We applied the non-parametric Kruskal-Wallis (KW) sum-rank test to identify features with significantly different abundances across the class of interest. Biological consistency was then assessed using pairwise comparisons among subclasses via the unpaired Wilcoxon rank-sum test. Finally, linear discriminant analysis (LDA) effect size (LEfSe) was used to estimate the effect size of each differentially abundant feature. This approach supports high-dimensional class comparisons, particularly in metagenomic analyses. Class comparison methods typically identify biomarkers as features that deviate from the null hypothesis of no difference between classes.

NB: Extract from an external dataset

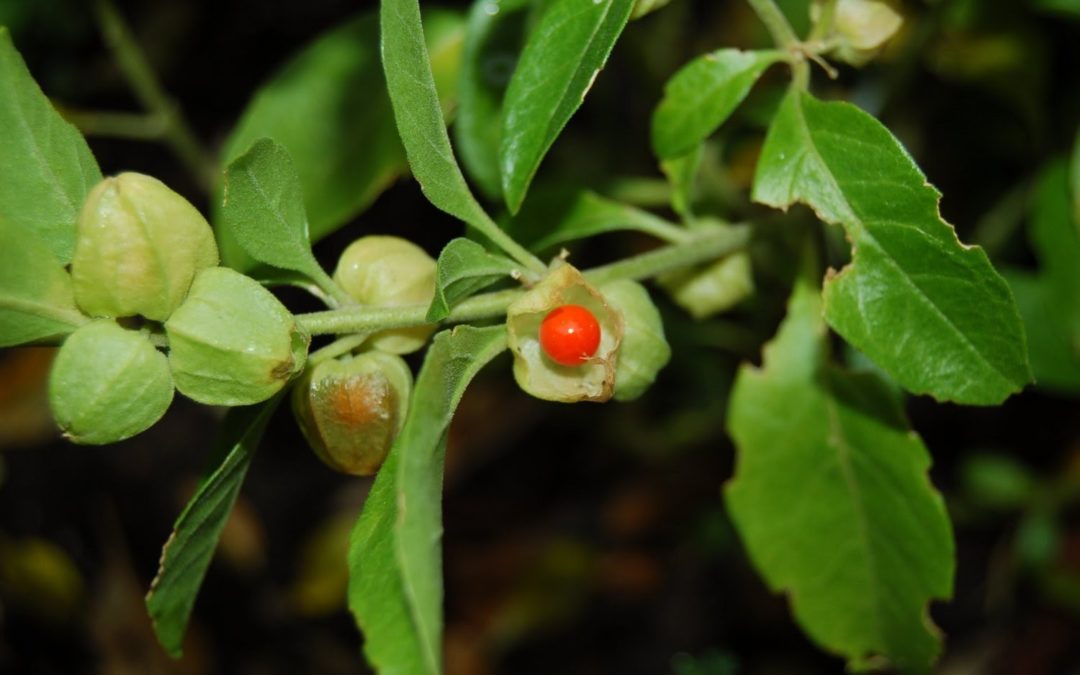 Schlafbeere – Ashwagandha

Additionally, we detected a subset of features with abundance patterns consistent with an algorithmically encoded biological hypothesis and estimated the magnitude of significant variations.

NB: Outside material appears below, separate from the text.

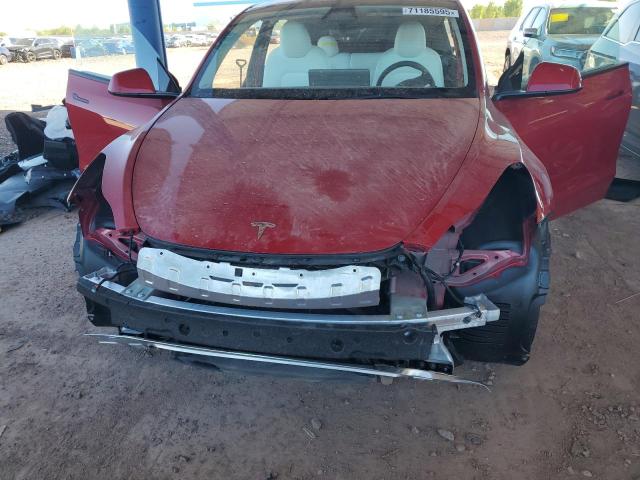 2023 TESLA MODEL Y - 7SAYGDEF4PF947642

At the time of stool collection, peripheral venous blood samples (20 mL) were concurrently obtained from each participant for biochemical and metabolomic profiling. Blood draws were performed in the morning, between 05:00 and 11:00 h, following an overnight fast of at least 8 h to minimize diurnal and dietary variability in circulating metabolites. Samples were collected in serum-separating and ethylenediamine-tetraacetic acid (EDTA)-containing tubes, promptly transported to the central laboratory of China Medical University Hospital, and processed within 1 h of collection. Serum and plasma were separated by centrifugation at 3,000 × g for 10 min at 4 °C, aliquoted into cryovials, and immediately stored at - 80 °C to prevent metabolite degradation. Biochemical parameters, including serum creatinine and glycated hemoglobin (HbA1c), were measured using standard enzymatic and immunoassay methods in the hospital's clinical laboratory, which is accredited by both the Taiwan Accreditation Foundation and the College of American Pathologists (CAP). All analyses were performed strictly in accordance with standardized operating procedures for clinical diagnostics. Quality control samples and internal standards were incorporated to ensure analytical reproducibility, inter-assay consistency, and accuracy across all measurement batches.
We used MATLAB (R2024a, Natick, Massachusetts), Python (v3.11.8) with NumPy (v1.24.0), pandas (v1.5.3), and SciPy (v1.14.1) to calculate p-values and confidence intervals. Independence, normality, and homogeneity of variances were assessed for each variable to select the appropriate statistical test. For example, for age across four groups, the Shapiro-Wilk test indicated non-normality in two groups, and Levene's test showed unequal variances; therefore, the non-parametric Kruskal-Wallis test was applied.